Dermody, the managing partner of Lieff Cabraser Heimann & Bernstein, in San Francisco, focuses on class and collective actions on behalf of employees. Like most firms, her office has been shuttered since March. "We are completely shut down and working 100 percent remotely," she said. "We have forbidden anyone from going in, to keep safe the one person who goes once a week to check hard copy mail."
That situation could persist. "We don't intend to be the first to reopen. We aren't going to be the guinea pig. A lot of people are eager to get back together with colleagues, but there are a lot of collective concerns about elevators, public transportation and conference rooms. We are definitely going to slow walk this. We would much rather have people stay home and support them remotely. You may not see much of us until we have a high degree of confidence in our safety."
In the firm's major gender discrimination class action against Google Inc., Dermody said a key moment is near. "We're powering ahead and about ready to file our motion for class certification, and we are excited to push forward this area of law under the California Equal Pay Act." The litigation could involve as many as 8,300 current and former Google employees who allege Google has paid women less than men for substantially equal or similar work in California. Ellis v. Google Inc., CGC-17-561299 (S.F. Super. Ct., filed Sept. 14, 2017).
Meanwhile, Dermody is enthusiastic about her employment practice group's embrace of a consciousness-raising project developed around the African American experience. Launched in February, well before the current national upheavals over police shootings, the Lieff Cabraser team created a syllabus of short assignments to enable participants to more deeply understand the intersections of power, privilege, supremacy, equity and race. "We wanted to apply to ourselves the lessons we have learned representing clients of color in discrimination cases," she said.
A Lieff Cabraser press release in mid-June quoted James Baldwin: "There is never time in the future in which we will work out our salvation. The challenge is in the moment; the time is always now."

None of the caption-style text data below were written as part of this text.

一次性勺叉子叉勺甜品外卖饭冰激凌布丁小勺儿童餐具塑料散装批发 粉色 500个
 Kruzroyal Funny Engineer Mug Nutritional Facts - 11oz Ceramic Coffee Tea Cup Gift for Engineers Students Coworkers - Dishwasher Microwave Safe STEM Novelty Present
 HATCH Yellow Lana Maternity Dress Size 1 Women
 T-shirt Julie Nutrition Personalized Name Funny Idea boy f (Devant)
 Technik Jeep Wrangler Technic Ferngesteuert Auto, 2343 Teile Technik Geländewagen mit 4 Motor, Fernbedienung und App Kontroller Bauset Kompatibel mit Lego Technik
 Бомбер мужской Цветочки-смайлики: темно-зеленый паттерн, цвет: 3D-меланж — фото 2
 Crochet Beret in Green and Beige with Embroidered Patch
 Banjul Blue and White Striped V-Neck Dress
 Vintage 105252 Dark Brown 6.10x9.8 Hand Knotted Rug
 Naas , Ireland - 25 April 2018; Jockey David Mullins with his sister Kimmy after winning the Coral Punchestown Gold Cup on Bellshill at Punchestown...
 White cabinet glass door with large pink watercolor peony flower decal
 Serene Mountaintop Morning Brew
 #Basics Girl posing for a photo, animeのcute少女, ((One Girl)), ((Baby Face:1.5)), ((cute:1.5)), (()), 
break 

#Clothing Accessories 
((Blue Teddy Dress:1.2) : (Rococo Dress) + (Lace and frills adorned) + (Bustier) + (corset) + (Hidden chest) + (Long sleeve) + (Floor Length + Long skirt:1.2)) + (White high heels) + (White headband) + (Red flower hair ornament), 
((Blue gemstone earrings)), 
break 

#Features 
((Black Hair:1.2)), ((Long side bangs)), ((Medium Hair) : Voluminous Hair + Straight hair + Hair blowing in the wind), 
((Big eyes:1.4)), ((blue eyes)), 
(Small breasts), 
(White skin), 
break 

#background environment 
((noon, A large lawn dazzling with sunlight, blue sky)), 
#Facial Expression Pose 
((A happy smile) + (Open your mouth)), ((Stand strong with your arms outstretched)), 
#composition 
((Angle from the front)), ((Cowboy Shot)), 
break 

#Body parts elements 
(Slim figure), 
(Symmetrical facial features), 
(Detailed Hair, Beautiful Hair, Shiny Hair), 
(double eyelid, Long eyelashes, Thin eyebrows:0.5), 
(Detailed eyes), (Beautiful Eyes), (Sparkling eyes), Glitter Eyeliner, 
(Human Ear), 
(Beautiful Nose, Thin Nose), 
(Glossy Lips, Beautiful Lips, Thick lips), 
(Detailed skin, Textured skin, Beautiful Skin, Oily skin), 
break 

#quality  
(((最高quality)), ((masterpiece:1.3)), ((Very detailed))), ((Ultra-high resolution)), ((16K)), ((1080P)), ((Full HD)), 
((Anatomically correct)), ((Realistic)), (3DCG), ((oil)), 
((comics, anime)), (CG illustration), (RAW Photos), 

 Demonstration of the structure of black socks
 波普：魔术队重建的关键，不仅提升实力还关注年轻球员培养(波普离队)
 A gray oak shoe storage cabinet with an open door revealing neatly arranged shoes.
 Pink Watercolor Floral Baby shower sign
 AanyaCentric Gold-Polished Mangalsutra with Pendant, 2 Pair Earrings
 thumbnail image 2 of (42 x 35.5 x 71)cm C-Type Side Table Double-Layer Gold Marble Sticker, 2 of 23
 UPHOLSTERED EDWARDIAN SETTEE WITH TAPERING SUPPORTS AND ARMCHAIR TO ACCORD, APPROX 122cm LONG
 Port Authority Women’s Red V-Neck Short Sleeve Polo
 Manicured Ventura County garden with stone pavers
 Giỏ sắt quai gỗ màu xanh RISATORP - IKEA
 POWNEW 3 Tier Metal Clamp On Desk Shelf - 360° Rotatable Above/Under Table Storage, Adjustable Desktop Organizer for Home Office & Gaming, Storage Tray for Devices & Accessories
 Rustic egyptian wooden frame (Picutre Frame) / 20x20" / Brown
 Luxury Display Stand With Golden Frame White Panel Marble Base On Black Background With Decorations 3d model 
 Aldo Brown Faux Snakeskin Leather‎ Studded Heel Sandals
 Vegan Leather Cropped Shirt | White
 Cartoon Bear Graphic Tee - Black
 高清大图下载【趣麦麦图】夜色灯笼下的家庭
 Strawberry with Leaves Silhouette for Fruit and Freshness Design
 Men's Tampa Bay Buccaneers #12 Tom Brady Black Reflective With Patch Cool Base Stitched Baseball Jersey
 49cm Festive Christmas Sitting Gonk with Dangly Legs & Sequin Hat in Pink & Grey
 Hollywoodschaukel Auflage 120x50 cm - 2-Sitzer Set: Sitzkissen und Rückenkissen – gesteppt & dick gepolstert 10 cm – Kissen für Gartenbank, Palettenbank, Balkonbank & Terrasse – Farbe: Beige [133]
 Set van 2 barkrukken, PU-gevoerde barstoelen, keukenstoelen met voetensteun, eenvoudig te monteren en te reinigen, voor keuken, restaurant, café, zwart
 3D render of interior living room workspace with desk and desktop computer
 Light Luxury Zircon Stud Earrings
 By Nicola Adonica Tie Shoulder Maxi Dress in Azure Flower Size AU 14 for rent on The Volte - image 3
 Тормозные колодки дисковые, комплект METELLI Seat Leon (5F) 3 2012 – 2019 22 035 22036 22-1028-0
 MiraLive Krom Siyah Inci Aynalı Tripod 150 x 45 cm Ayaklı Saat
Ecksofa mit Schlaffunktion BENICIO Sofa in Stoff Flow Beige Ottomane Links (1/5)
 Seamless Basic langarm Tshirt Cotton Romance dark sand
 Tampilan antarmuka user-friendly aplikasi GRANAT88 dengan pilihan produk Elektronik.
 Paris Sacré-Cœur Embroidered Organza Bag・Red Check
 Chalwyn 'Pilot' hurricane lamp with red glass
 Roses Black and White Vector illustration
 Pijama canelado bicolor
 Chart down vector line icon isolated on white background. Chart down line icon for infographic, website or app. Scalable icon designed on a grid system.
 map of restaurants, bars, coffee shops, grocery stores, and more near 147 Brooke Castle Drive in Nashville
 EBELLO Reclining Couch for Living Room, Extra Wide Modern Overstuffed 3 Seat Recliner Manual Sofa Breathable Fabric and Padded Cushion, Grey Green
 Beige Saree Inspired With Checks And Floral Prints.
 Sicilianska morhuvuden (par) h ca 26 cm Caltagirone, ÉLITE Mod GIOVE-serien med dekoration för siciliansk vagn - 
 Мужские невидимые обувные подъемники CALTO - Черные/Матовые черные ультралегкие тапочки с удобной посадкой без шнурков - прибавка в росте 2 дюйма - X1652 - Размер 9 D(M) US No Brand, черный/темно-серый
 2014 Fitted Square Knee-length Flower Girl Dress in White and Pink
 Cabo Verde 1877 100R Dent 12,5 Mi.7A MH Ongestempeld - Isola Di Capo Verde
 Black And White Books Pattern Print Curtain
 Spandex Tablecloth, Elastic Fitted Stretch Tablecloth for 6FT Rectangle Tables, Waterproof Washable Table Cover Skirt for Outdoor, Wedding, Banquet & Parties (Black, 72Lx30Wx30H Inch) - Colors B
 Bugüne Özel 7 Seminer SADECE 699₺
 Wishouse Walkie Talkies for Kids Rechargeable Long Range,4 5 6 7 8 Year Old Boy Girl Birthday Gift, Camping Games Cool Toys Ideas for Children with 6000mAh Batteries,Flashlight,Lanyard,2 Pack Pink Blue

The release announced that the 21-day syllabus has been shared with corporate general counsel, diversity and inclusion professionals and opposing counsel from big law firms. It has been adopted by the ABA's Labor & Employment Law Section. "It's a racial equality habit-building process," Dermody said. "It's not linear, it's immersive like a snowfall. It turns out to be the topic of the moment now, and it's the thing I am most proud of."